The war of words with terrorism
‘The war of words with terrorism’ was the title of a keynote speech given by Professor Emeritus Clive Walker at a conference in Spain on 1-2 December 2016. He was invited to the ‘International Congress on Crime and Cyberspace’, the subject of which was 'Challenges for the 21st Century: Radicalism and hate on the Internet: from understanding towards prevention'. The event was funded by the Ministry of Education, Research, Culture and Sport and was held over two days at the Universitas Miguel Hernández (UMH) in Elche. A large audience of professionals and students were in attendance.
Professor Walker argued that terrorism speech presents multiple dangers for liberal democracies: some relate to the mechanics of how to carry out attacks; some relate to the fostering of motivations to become involved in terrorism through incitements; some arise from the censoring process which can threaten cherished values or drain the state resources. He then explored responses in terms of action against messengers through the imposition of criminal laws.

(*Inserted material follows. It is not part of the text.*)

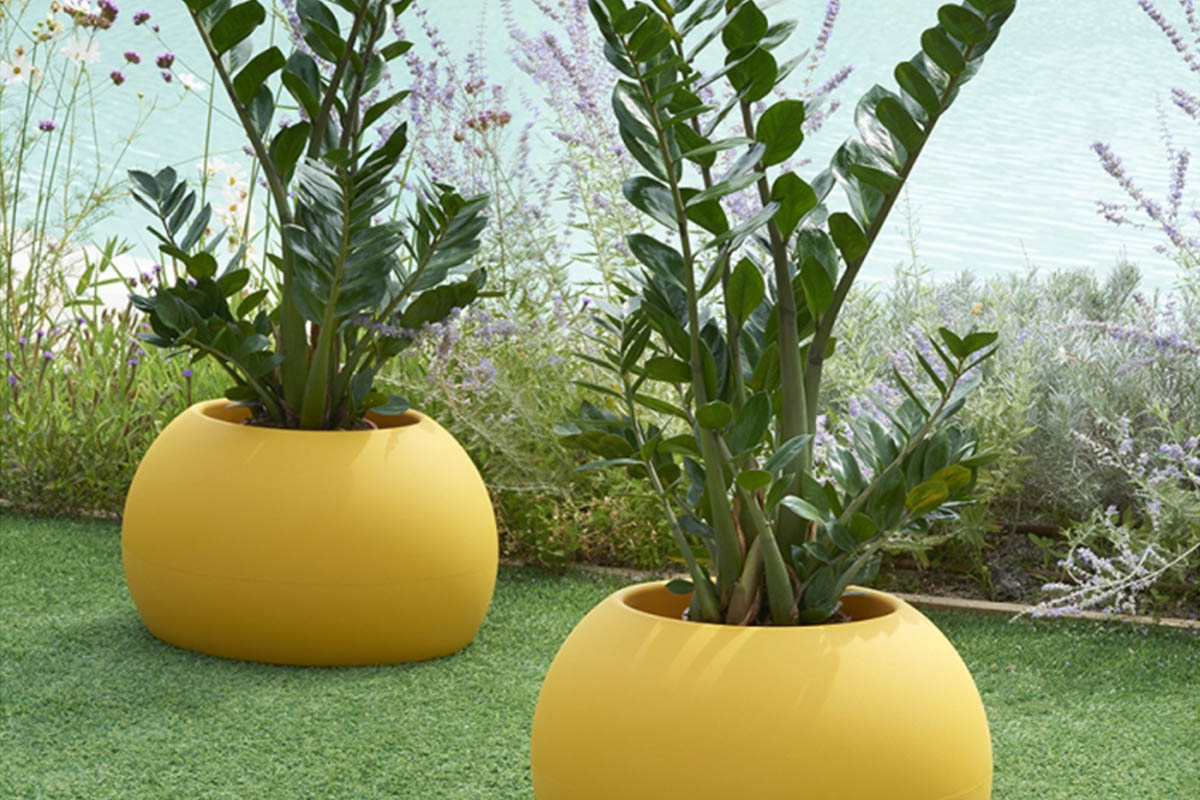 Garden pots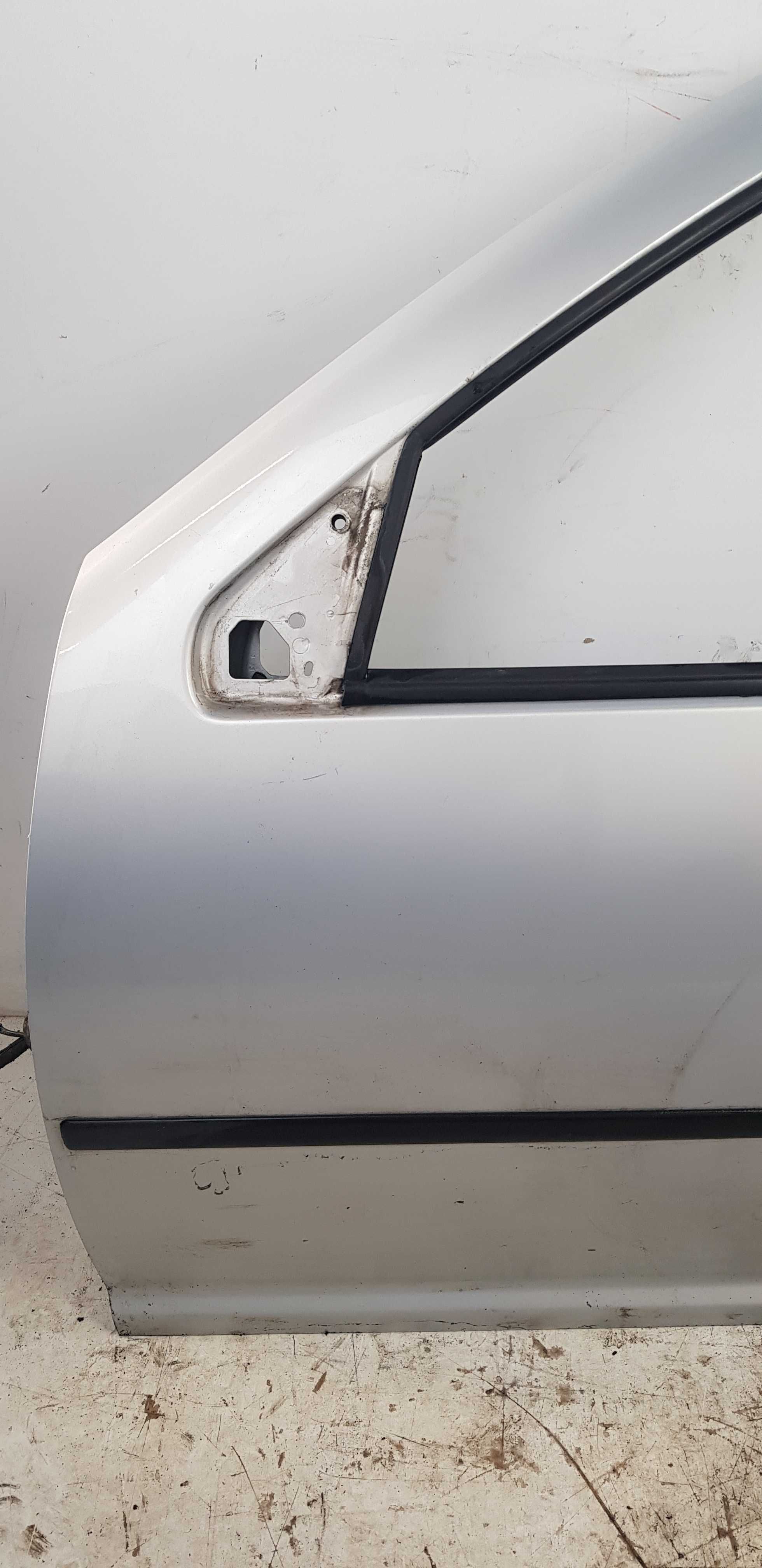 VolksWagen VW Bora Drzwi Lewe Przednie Lewy Przód Lakier LA7W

However, the limited number of prosecutions suggests inefficiency, save perhaps for symbolic denunciation. Prosecutions encounter principled (human rights) objections and practical problems of evidence-gathering and transnationality. So, the second, more prevalent and sustainable, approach involves administrative controls, as reflected in police internet referral units and by private sector denunciation mechanisms. These interventions work surprisingly well with a high volume of traffic. But like all corporatist arrangements, we must question whose interests are being served and the fairness of the process. In an ideal speech situation, the fostering of convincing messages against terrorism would be a preferable approach. Paradoxically, fuller debate about values may arise through the advent of a third approach which involves countering violent extremism (CVE) programmes. These programmes are viewed simplistically by some as repressive. However, CVE programmes could become a platform for the public debate of issues around violent extremism rather than its censure.